• DATASET EXCERPTS:
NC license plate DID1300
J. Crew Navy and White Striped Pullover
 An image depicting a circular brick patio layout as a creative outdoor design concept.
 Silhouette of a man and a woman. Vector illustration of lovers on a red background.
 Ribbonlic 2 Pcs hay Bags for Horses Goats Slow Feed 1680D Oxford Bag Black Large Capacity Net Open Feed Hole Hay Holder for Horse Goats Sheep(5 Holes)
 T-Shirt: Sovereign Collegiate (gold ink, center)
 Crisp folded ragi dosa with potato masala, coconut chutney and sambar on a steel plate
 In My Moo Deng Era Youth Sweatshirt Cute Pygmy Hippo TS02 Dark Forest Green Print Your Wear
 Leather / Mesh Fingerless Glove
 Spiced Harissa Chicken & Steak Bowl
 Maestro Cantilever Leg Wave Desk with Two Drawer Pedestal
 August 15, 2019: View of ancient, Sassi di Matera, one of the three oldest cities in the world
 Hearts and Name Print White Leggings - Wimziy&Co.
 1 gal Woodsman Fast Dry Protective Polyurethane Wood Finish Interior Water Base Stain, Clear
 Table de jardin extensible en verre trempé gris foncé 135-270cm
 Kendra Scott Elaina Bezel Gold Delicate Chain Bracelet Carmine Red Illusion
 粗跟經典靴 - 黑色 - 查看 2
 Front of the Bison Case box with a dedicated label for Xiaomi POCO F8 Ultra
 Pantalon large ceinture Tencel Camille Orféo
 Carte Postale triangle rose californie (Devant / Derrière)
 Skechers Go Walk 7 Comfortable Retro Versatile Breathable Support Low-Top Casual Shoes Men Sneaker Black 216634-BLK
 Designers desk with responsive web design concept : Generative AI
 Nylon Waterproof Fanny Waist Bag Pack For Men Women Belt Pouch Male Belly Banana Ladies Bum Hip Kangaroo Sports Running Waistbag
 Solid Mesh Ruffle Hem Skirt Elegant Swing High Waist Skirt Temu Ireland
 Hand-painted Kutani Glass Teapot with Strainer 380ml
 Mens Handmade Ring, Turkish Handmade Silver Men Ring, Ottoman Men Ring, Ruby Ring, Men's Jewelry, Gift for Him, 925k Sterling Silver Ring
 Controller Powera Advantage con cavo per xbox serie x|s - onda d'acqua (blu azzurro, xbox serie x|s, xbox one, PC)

• TASK TO COMPLETE: Every line in the records above that contains the word "White" is to be copied out.

• ANSWER SPACE:
J. Crew Navy and White Striped Pullover
 Hearts and Name Print White Leggings - Wimziy&Co.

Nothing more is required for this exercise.